Exercise. Copy the records exactly. Include every line.

::: Material to process :::

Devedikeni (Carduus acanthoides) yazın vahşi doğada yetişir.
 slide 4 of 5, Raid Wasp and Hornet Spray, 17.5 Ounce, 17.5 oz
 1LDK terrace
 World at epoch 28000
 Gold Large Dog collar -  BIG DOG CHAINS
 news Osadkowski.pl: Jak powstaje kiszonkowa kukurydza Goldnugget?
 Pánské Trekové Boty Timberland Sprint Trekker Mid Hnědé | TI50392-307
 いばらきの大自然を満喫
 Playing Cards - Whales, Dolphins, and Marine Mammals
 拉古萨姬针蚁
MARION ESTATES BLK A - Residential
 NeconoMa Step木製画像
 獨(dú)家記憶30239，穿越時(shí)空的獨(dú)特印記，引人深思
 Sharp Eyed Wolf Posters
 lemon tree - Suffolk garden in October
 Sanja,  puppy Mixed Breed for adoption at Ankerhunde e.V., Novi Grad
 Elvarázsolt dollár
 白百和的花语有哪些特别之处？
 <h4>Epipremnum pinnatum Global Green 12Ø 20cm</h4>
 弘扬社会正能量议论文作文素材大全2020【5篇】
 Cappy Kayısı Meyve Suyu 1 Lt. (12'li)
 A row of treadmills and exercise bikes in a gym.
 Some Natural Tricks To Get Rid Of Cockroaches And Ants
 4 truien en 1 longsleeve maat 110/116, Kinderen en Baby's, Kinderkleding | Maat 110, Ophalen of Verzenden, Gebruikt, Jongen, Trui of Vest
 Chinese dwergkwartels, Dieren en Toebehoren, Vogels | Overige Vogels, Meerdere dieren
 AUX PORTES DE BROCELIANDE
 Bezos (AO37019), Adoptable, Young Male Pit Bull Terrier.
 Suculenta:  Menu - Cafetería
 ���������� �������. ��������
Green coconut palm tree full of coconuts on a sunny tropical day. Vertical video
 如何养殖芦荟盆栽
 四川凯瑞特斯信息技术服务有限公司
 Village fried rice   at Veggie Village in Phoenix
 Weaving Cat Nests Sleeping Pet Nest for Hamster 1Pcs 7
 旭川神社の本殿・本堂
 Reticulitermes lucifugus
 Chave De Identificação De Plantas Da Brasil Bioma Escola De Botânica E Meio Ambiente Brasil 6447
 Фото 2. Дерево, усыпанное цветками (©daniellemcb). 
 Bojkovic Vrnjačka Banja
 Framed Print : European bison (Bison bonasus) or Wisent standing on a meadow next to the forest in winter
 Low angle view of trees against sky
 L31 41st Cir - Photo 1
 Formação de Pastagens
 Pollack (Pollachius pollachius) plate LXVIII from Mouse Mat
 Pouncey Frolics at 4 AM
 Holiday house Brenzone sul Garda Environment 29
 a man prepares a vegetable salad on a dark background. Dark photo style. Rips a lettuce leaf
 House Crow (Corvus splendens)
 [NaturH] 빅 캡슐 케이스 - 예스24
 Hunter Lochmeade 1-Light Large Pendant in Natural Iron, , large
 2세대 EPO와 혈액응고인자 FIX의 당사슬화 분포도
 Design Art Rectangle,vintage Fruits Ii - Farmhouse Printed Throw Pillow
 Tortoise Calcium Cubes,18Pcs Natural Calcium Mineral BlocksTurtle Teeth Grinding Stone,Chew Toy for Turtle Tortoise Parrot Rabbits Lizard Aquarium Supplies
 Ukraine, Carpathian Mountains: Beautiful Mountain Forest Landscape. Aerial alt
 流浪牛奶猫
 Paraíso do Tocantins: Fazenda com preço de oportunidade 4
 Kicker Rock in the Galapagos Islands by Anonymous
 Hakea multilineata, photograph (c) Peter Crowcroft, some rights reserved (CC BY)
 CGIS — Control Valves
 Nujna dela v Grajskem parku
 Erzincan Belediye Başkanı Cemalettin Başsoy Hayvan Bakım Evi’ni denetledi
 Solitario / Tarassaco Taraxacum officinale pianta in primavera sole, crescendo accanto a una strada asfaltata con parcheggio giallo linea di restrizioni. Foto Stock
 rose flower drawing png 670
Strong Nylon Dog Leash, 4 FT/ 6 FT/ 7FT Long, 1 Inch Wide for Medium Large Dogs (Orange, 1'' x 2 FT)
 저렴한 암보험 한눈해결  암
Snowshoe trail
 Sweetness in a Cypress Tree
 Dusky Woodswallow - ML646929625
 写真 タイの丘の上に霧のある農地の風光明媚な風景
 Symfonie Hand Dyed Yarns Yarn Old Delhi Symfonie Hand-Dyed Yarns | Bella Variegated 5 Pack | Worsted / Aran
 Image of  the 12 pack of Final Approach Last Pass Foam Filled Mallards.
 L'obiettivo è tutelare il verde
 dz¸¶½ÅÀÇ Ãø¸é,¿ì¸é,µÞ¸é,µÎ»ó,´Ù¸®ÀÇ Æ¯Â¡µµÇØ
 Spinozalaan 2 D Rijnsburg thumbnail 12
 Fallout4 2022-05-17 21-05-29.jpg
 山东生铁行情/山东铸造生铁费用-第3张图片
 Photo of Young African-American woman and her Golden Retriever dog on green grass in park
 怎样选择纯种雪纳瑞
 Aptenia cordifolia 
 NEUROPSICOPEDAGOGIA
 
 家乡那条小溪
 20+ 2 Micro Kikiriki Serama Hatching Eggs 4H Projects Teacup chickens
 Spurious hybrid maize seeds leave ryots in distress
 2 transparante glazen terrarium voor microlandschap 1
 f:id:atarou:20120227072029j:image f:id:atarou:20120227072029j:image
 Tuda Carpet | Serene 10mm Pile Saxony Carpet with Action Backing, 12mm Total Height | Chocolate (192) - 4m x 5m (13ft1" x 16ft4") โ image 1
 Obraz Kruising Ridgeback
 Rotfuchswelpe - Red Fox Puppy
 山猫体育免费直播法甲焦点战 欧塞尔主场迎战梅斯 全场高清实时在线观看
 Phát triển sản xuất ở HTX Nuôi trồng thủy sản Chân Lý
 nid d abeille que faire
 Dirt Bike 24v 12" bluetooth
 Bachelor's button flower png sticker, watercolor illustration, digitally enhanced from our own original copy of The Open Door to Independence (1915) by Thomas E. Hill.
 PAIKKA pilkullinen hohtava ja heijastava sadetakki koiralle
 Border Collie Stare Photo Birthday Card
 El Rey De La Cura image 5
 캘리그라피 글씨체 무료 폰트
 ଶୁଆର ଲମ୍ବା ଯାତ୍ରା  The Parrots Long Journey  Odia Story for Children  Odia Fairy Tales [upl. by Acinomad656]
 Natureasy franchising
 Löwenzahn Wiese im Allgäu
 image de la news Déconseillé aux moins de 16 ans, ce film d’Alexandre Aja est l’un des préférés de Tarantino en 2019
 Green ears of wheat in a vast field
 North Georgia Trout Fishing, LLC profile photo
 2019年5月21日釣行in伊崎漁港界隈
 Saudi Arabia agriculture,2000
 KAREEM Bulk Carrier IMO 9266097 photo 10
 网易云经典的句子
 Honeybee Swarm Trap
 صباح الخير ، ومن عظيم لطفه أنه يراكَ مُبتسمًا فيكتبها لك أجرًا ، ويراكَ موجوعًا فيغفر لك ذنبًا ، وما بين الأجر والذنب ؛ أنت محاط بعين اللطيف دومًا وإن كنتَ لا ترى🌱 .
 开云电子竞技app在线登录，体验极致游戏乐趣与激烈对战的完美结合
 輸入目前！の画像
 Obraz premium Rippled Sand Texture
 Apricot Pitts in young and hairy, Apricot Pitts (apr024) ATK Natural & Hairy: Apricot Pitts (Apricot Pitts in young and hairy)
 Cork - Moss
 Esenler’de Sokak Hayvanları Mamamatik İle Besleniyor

:::

Response below.
Devedikeni (Carduus acanthoides) yazın vahşi doğada yetişir.
 slide 4 of 5, Raid Wasp and Hornet Spray, 17.5 Ounce, 17.5 oz
 1LDK terrace
 World at epoch 28000
 Gold Large Dog collar -  BIG DOG CHAINS
 news Osadkowski.pl: Jak powstaje kiszonkowa kukurydza Goldnugget?
 Pánské Trekové Boty Timberland Sprint Trekker Mid Hnědé | TI50392-307
 いばらきの大自然を満喫
 Playing Cards - Whales, Dolphins, and Marine Mammals
 拉古萨姬针蚁
MARION ESTATES BLK A - Residential
 NeconoMa Step木製画像
 獨(dú)家記憶30239，穿越時(shí)空的獨(dú)特印記，引人深思
 Sharp Eyed Wolf Posters
 lemon tree - Suffolk garden in October
 Sanja,  puppy Mixed Breed for adoption at Ankerhunde e.V., Novi Grad
 Elvarázsolt dollár
 白百和的花语有哪些特别之处？
 <h4>Epipremnum pinnatum Global Green 12Ø 20cm</h4>
 弘扬社会正能量议论文作文素材大全2020【5篇】
 Cappy Kayısı Meyve Suyu 1 Lt. (12'li)
 A row of treadmills and exercise bikes in a gym.
 Some Natural Tricks To Get Rid Of Cockroaches And Ants
 4 truien en 1 longsleeve maat 110/116, Kinderen en Baby's, Kinderkleding | Maat 110, Ophalen of Verzenden, Gebruikt, Jongen, Trui of Vest
 Chinese dwergkwartels, Dieren en Toebehoren, Vogels | Overige Vogels, Meerdere dieren
 AUX PORTES DE BROCELIANDE
 Bezos (AO37019), Adoptable, Young Male Pit Bull Terrier.
 Suculenta:  Menu - Cafetería
 ���������� �������. ��������
Green coconut palm tree full of coconuts on a sunny tropical day. Vertical video
 如何养殖芦荟盆栽
 四川凯瑞特斯信息技术服务有限公司
 Village fried rice   at Veggie Village in Phoenix
 Weaving Cat Nests Sleeping Pet Nest for Hamster 1Pcs 7
 旭川神社の本殿・本堂
 Reticulitermes lucifugus
 Chave De Identificação De Plantas Da Brasil Bioma Escola De Botânica E Meio Ambiente Brasil 6447
 Фото 2. Дерево, усыпанное цветками (©daniellemcb). 
 Bojkovic Vrnjačka Banja
 Framed Print : European bison (Bison bonasus) or Wisent standing on a meadow next to the forest in winter
 Low angle view of trees against sky
 L31 41st Cir - Photo 1
 Formação de Pastagens
 Pollack (Pollachius pollachius) plate LXVIII from Mouse Mat
 Pouncey Frolics at 4 AM
 Holiday house Brenzone sul Garda Environment 29
 a man prepares a vegetable salad on a dark background. Dark photo style. Rips a lettuce leaf
 House Crow (Corvus splendens)
 [NaturH] 빅 캡슐 케이스 - 예스24
 Hunter Lochmeade 1-Light Large Pendant in Natural Iron, , large
 2세대 EPO와 혈액응고인자 FIX의 당사슬화 분포도
 Design Art Rectangle,vintage Fruits Ii - Farmhouse Printed Throw Pillow
 Tortoise Calcium Cubes,18Pcs Natural Calcium Mineral BlocksTurtle Teeth Grinding Stone,Chew Toy for Turtle Tortoise Parrot Rabbits Lizard Aquarium Supplies
 Ukraine, Carpathian Mountains: Beautiful Mountain Forest Landscape. Aerial alt
 流浪牛奶猫
 Paraíso do Tocantins: Fazenda com preço de oportunidade 4
 Kicker Rock in the Galapagos Islands by Anonymous
 Hakea multilineata, photograph (c) Peter Crowcroft, some rights reserved (CC BY)
 CGIS — Control Valves
 Nujna dela v Grajskem parku
 Erzincan Belediye Başkanı Cemalettin Başsoy Hayvan Bakım Evi’ni denetledi
 Solitario / Tarassaco Taraxacum officinale pianta in primavera sole, crescendo accanto a una strada asfaltata con parcheggio giallo linea di restrizioni. Foto Stock
 rose flower drawing png 670
Strong Nylon Dog Leash, 4 FT/ 6 FT/ 7FT Long, 1 Inch Wide for Medium Large Dogs (Orange, 1'' x 2 FT)
 저렴한 암보험 한눈해결  암
Snowshoe trail
 Sweetness in a Cypress Tree
 Dusky Woodswallow - ML646929625
 写真 タイの丘の上に霧のある農地の風光明媚な風景
 Symfonie Hand Dyed Yarns Yarn Old Delhi Symfonie Hand-Dyed Yarns | Bella Variegated 5 Pack | Worsted / Aran
 Image of  the 12 pack of Final Approach Last Pass Foam Filled Mallards.
 L'obiettivo è tutelare il verde
 dz¸¶½ÅÀÇ Ãø¸é,¿ì¸é,µÞ¸é,µÎ»ó,´Ù¸®ÀÇ Æ¯Â¡µµÇØ
 Spinozalaan 2 D Rijnsburg thumbnail 12
 Fallout4 2022-05-17 21-05-29.jpg
 山东生铁行情/山东铸造生铁费用-第3张图片
 Photo of Young African-American woman and her Golden Retriever dog on green grass in park
 怎样选择纯种雪纳瑞
 Aptenia cordifolia 
 NEUROPSICOPEDAGOGIA
 
 家乡那条小溪
 20+ 2 Micro Kikiriki Serama Hatching Eggs 4H Projects Teacup chickens
 Spurious hybrid maize seeds leave ryots in distress
 2 transparante glazen terrarium voor microlandschap 1
 f:id:atarou:20120227072029j:image f:id:atarou:20120227072029j:image
 Tuda Carpet | Serene 10mm Pile Saxony Carpet with Action Backing, 12mm Total Height | Chocolate (192) - 4m x 5m (13ft1" x 16ft4") โ image 1
 Obraz Kruising Ridgeback
 Rotfuchswelpe - Red Fox Puppy
 山猫体育免费直播法甲焦点战 欧塞尔主场迎战梅斯 全场高清实时在线观看
 Phát triển sản xuất ở HTX Nuôi trồng thủy sản Chân Lý
 nid d abeille que faire
 Dirt Bike 24v 12" bluetooth
 Bachelor's button flower png sticker, watercolor illustration, digitally enhanced from our own original copy of The Open Door to Independence (1915) by Thomas E. Hill.
 PAIKKA pilkullinen hohtava ja heijastava sadetakki koiralle
 Border Collie Stare Photo Birthday Card
 El Rey De La Cura image 5
 캘리그라피 글씨체 무료 폰트
 ଶୁଆର ଲମ୍ବା ଯାତ୍ରା  The Parrots Long Journey  Odia Story for Children  Odia Fairy Tales [upl. by Acinomad656]
 Natureasy franchising
 Löwenzahn Wiese im Allgäu
 image de la news Déconseillé aux moins de 16 ans, ce film d’Alexandre Aja est l’un des préférés de Tarantino en 2019
 Green ears of wheat in a vast field
 North Georgia Trout Fishing, LLC profile photo
 2019年5月21日釣行in伊崎漁港界隈
 Saudi Arabia agriculture,2000
 KAREEM Bulk Carrier IMO 9266097 photo 10
 网易云经典的句子
 Honeybee Swarm Trap
 صباح الخير ، ومن عظيم لطفه أنه يراكَ مُبتسمًا فيكتبها لك أجرًا ، ويراكَ موجوعًا فيغفر لك ذنبًا ، وما بين الأجر والذنب ؛ أنت محاط بعين اللطيف دومًا وإن كنتَ لا ترى🌱 .
 开云电子竞技app在线登录，体验极致游戏乐趣与激烈对战的完美结合
 輸入目前！の画像
 Obraz premium Rippled Sand Texture
 Apricot Pitts in young and hairy, Apricot Pitts (apr024) ATK Natural & Hairy: Apricot Pitts (Apricot Pitts in young and hairy)
 Cork - Moss
 Esenler’de Sokak Hayvanları Mamamatik İle Besleniyor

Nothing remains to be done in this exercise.